To be honest, I haven't gotten hold of the MotorsTV coverage of the Le Mans Series race from the Nurburgring, so can't yet comment on that (although I heard it was a cracker). I just got the BTCC race from Croft as well as the British Superbikes from Knockhill, so hopefully will get a chance to watch them later today.

What I DID see was MotoGP from the Sachsenring, and it was spectacular. Many pundits are saying that it was one of Valentino Rossi's finest rides, but to me it seemed no different to any of the other methodical, workmanlike victories he's secured in the past. The main thing that separates this one would be simply that he's coming from a position of weakness at the moment. Having said that, it appears as though his crew chief Jeremy Burgess once again solved some setup problems at the last minute, and that the Yamaha is finally coming good (after returning to the 2005 frame).

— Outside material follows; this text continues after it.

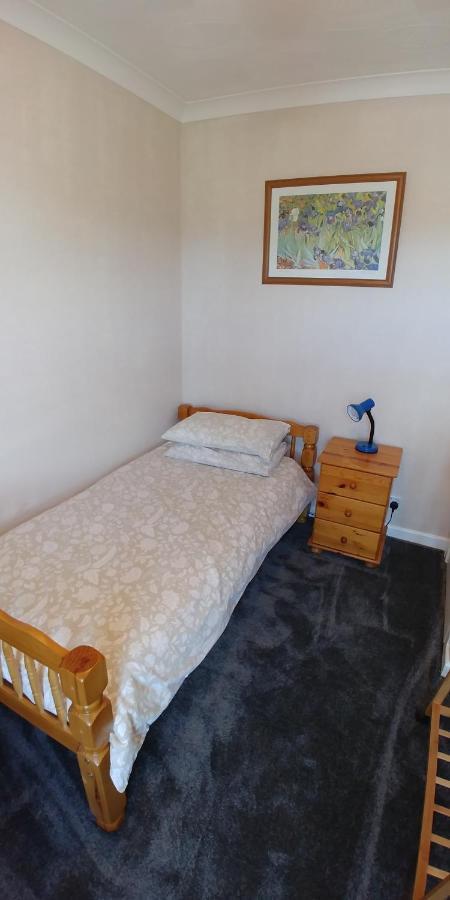 Comfortable Victorian 3 Bedroom Semi-Detached House With Fast Wi-Fi Sittingbourne Exterior foto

Behind Rossi, Marco Melandri once again showed another of his sporadic flashes of brilliance. If he could get some consistency together he'd certainly be much closer to the top of the championship, if not on it. There's no reason to believe he's any less talented than the other three guys he was fighting with in Germany. Meanwhile, Dani Pedrosa again showed that he's stupidly quick but lacks the chutzpah and experience when it counts. Dani does well when everything is working for him, but I've yet to see him ride around problems, and he invariably loses out in scrappy dogfights. That will undoubtedly change as time goes by and he'll certainly grab the title in the next two or three years.

Finally, Nicky Hayden did what he needed to do, as usual, but is finding himself increasingly backed into a corner whereby he has to ride for points, not wins. With a one race cushion he can just about afford to do that, but one mechanical DNF, a string of victories by Rossi, Pedrosa or Melandri or even another Donington-style poor weekend will put him back in the pack, and he'll have no choice but to start taking risks. I suspect Nicky doesn't like doing that, so the next few races will be a real test of his fortitude.

I'll see for myself on Friday when I head to Laguna Seca to watch these guys up close.

Over in American Le Mans, lots of things happened but once again CBS's coverage was so bad I struggled to keep up with what was going on. The jerky, stop-start, commercial-ridden, special-features-heavy broadcast was pretty much unwatchable, so I did just that... switched it off. This was perhaps the first time I've ever stopped watching a race on TV because the coverage was so staggeringly awful. Apparently it was a close one with the Penske Porsches closing down the leading Audi in the last hour, whilst the Aston Martins finally pulled a 1-2 over the heavily-handicapped Corvettes. It must be said that I'm not a Corvette fan, after their unforgivable parking of the cars with a huge lead during the 2001 Le Mans 24 Hours, but I do feel that they've achieved their success lately by simply being better. To handicap them until they're no longer the best seems a tad unfair.

Finally, Formula 1 in France.... I generally don't cover F1, especially because there's so many good F1 blogs out there (linky to the right ---->) so I'm just going to say that it's nice to see Schumacher working his way back into the championship. It would be great to see it go down to the final race. I think that would be good for Formula 1, a sport that is generally one of the more dull forms of racing.